EBU landmark year of music: Beethoven 250th anniversary celebrations
16 December 2019
In 2020, the world marked the 250th anniversary of the birth of Ludwig van Beethoven. The German composer is the most frequently performed classical composer worldwide and interest in his music has remained unabated for centuries. Maverick, rebel, visionary - he remains just as relevant today.
For this landmark year, the EBU underlined its traditional and key role in enabling Members, and their audiences worldwide, to access diverse high-quality musical content. With a series of curated concerts, there were multiple opportunities to rediscover, or even hear for the first time, the works of one of the world’s greatest composers.
Highlights:
The Beethoven Collection – a curated selection of more than 100 concerts, operas and archive recordings from around the world and released at intervals to all EBU radio organizations.
The events featured some of the world’s biggest names in music, including such conductors as Daniel Barenboim, Carlo Rizzi, Sir Simon Rattle and Sir Mark Elder; ensembles like the West-Eastern Divan Orchestra, the Dresden Staatskapelle and the Bavarian Radio Symphony Orchestra; and soloists such as Jonas Kaufmann, Anne-Sophie Mutter, Paul Lewis and Frank Peter Zimmermann.

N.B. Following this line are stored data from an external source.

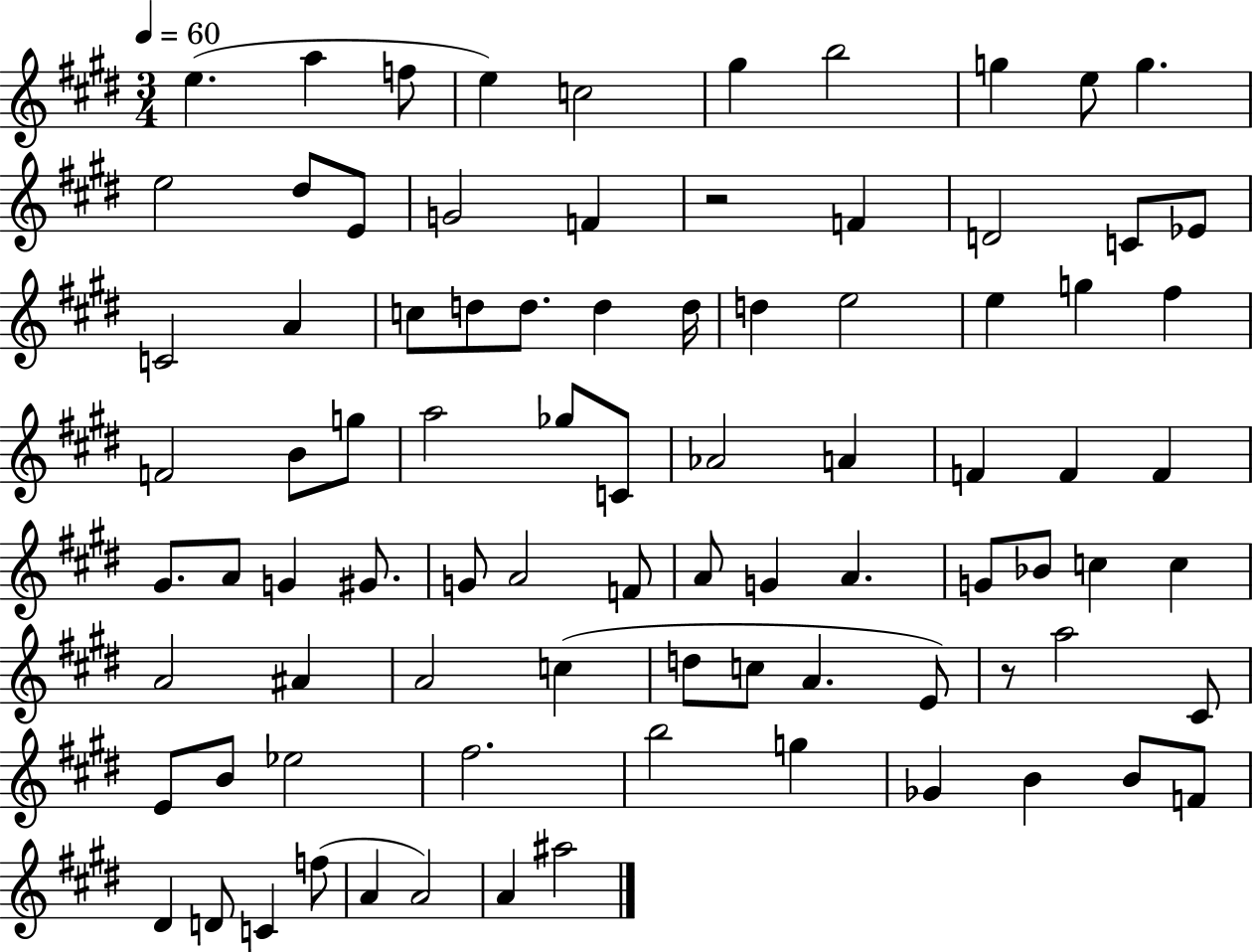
X:1
T:Untitled
M:3/4
L:1/4
K:E
e a f/2 e c2 ^g b2 g e/2 g e2 ^d/2 E/2 G2 F z2 F D2 C/2 _E/2 C2 A c/2 d/2 d/2 d d/4 d e2 e g ^f F2 B/2 g/2 a2 _g/2 C/2 _A2 A F F F ^G/2 A/2 G ^G/2 G/2 A2 F/2 A/2 G A G/2 _B/2 c c A2 ^A A2 c d/2 c/2 A E/2 z/2 a2 ^C/2 E/2 B/2 _e2 ^f2 b2 g _G B B/2 F/2 ^D D/2 C f/2 A A2 A ^a2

In December 2020, to coincide with Beethoven’s 250th birthdate, a special anniversary gala concert was held in Bonn, Beethoven’s birthplace, with the West-Eastern Divan Orchestra and Daniel Barenboim. This closing concert was also live-streamed.

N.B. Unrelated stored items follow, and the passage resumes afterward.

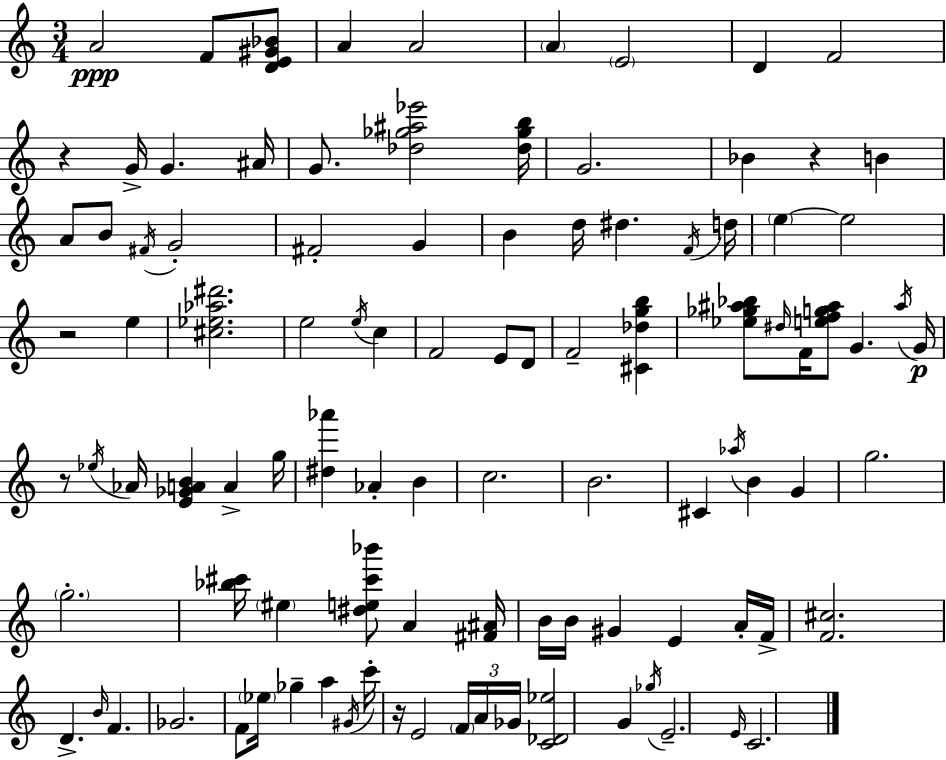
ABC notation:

X:1
T:Untitled
M:3/4
L:1/4
K:Am
A2 F/2 [DE^G_B]/2 A A2 A E2 D F2 z G/4 G ^A/4 G/2 [_d_g^a_e']2 [_d_gb]/4 G2 _B z B A/2 B/2 ^F/4 G2 ^F2 G B d/4 ^d F/4 d/4 e e2 z2 e [^c_e_a^d']2 e2 e/4 c F2 E/2 D/2 F2 [^C_dgb] [_e_g^a_b]/2 ^d/4 F/4 [efg^a]/2 G ^a/4 G/4 z/2 _e/4 _A/4 [E_GAB] A g/4 [^d_a'] _A B c2 B2 ^C _a/4 B G g2 g2 [_b^c']/4 ^e [^de^c'_b']/2 A [^F^A]/4 B/4 B/4 ^G E A/4 F/4 [F^c]2 D B/4 F _G2 F/2 _e/4 _g a ^G/4 c'/4 z/4 E2 F/4 A/4 _G/4 [C_D_e]2 G _g/4 E2 E/4 C2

A unique audio sting was commissioned by the EBU from renowned Finnish composer Kaija Saariaho and recorded with the BBC Symphony Orchestra and its Chief Conductor Sakari Oramo. The 90-second piece, entitled Chimera, was inspired by Beethoven and broadcast on the radio around the world, as well as performed in concert by many radio orchestras. Listen to it here.
Asked why it was so important to celebrate this anniversary, Sakari Oramo said: “Beethoven for me means a radical, world-changing, amazingly strong character as a composer. He was also a great humorist, with a great sense for dramatics and for lyrical beauty. His compositions contain everything from life and from the world.”
Kaija Saariaho adds: “He was a genius. His music remains very fresh, very human. I admire his innovation, his skills as a composer, often using similar musical forms but interpreting them differently every time."
Edward Blakeman, Head of Programmes, BBC Radio 3 and member of the EBU Music Group, said: “Kaija’s ‘Chimera’ is brilliant – a shimmering, multi-textured, mini-narrative inspired by Beethoven - and the more you hear it, the more details you find in it. This is something really distinctive!”
The EBU website was updated with new Beethoven content throughout 2020.
Pascale Labrie is Head of Music at the EBU: “For decades, the EBU and its Members have shared great music, across all genres, effectively creating the world’s biggest, virtual concert hall, benefiting millions of listeners. Music has no frontiers. It can be enjoyed by everyone, everywhere, without restrictions of language, enabling people to explore new horizons. This sense of joining together is fundamental to our work. Every year, the EBU opens up the world of music through music exchanges that serve the interests and tastes of millions of listeners globally.”